[Image-caption web data]
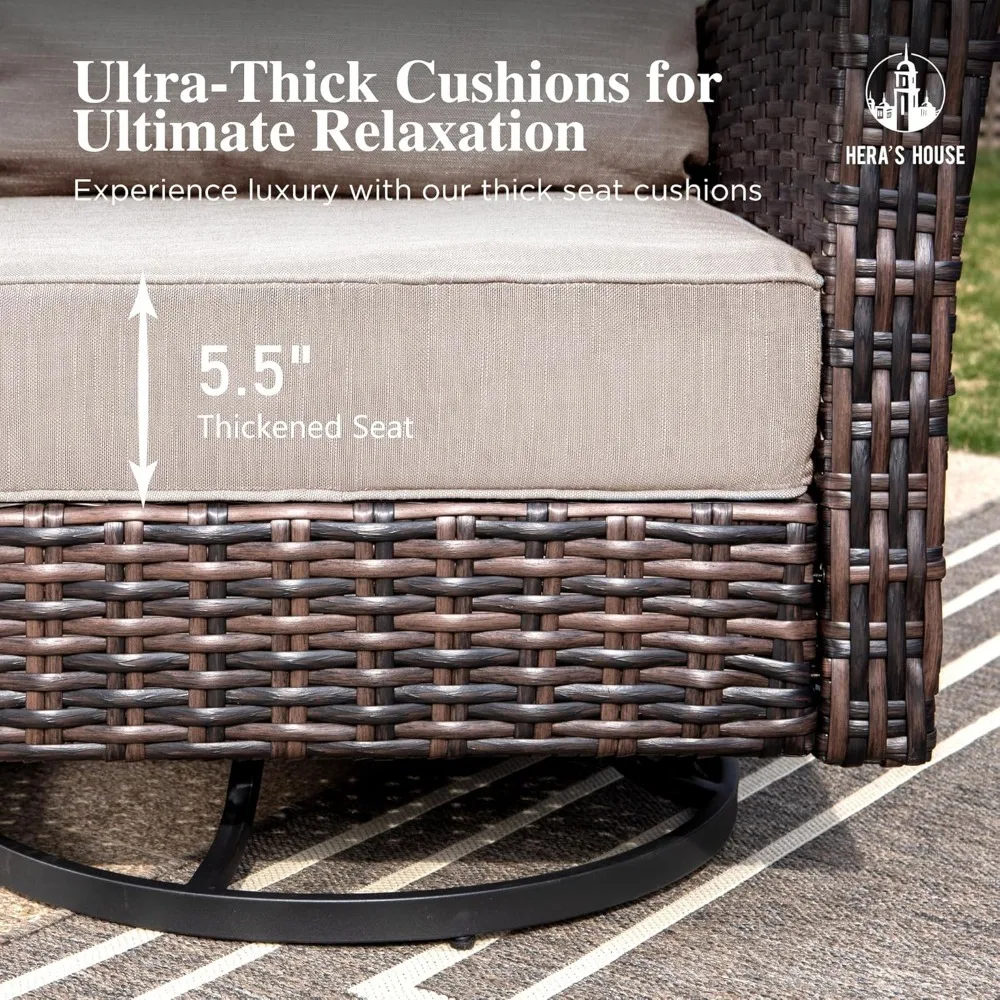 Set furnitur teras, kursi putar belakang tinggi dengan bantal tebal 5.5 ", Set percakapan anyaman luar ruangan ukuran besar untuk halaman belakang taman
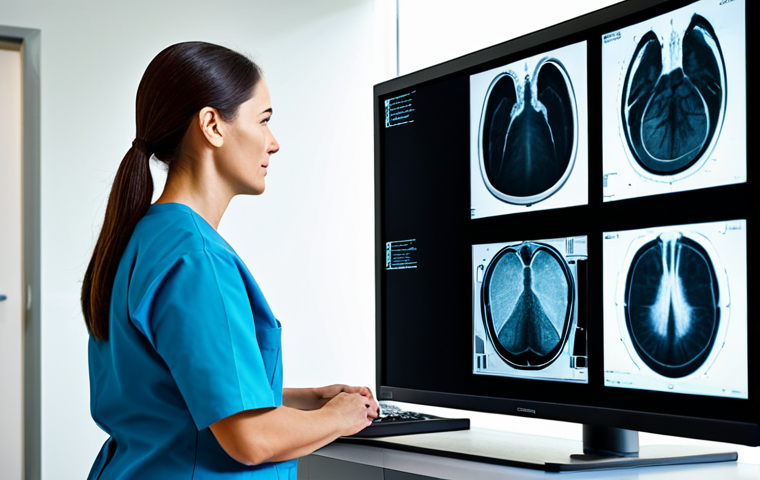 **
"A professional female radiologist in a modern, brightly lit hospital examination room, reviewing a digital X-ray image on a large monitor, fully clothed in scrubs, appropriate attire, safe for work, perfect anatomy, natural proportions, professional photograph, high quality, family-friendly."
**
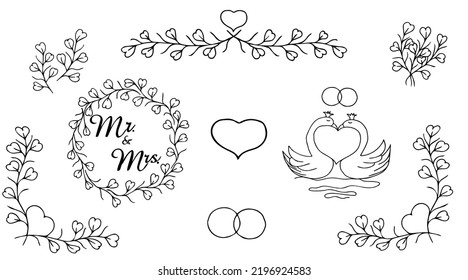 Wedding card, Lovely Wedding Design
Vektor floral template for wedding cards with Mr and Mrs lettering and delicate wreath with branches. Isolated on background. Vektor.
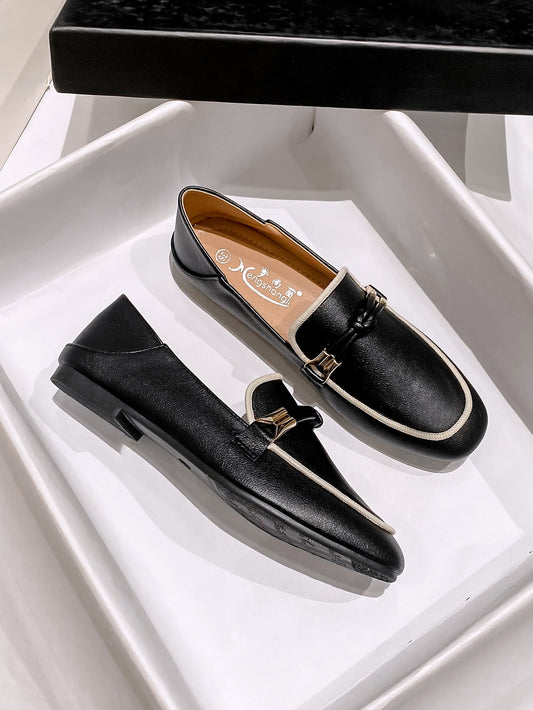 Women Knot Decor Square Toe Loafer Flats, Elegant Outdoor Flats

**Exercise brief**
Please print each record above again exactly, but omit any pictures.

**Answer to the exercise**
 Set furnitur teras, kursi putar belakang tinggi dengan bantal tebal 5.5 ", Set percakapan anyaman luar ruangan ukuran besar untuk halaman belakang taman
 **
"A professional female radiologist in a modern, brightly lit hospital examination room, reviewing a digital X-ray image on a large monitor, fully clothed in scrubs, appropriate attire, safe for work, perfect anatomy, natural proportions, professional photograph, high quality, family-friendly."
**
 Wedding card, Lovely Wedding Design
Vektor floral template for wedding cards with Mr and Mrs lettering and delicate wreath with branches. Isolated on background. Vektor.
 Women Knot Decor Square Toe Loafer Flats, Elegant Outdoor Flats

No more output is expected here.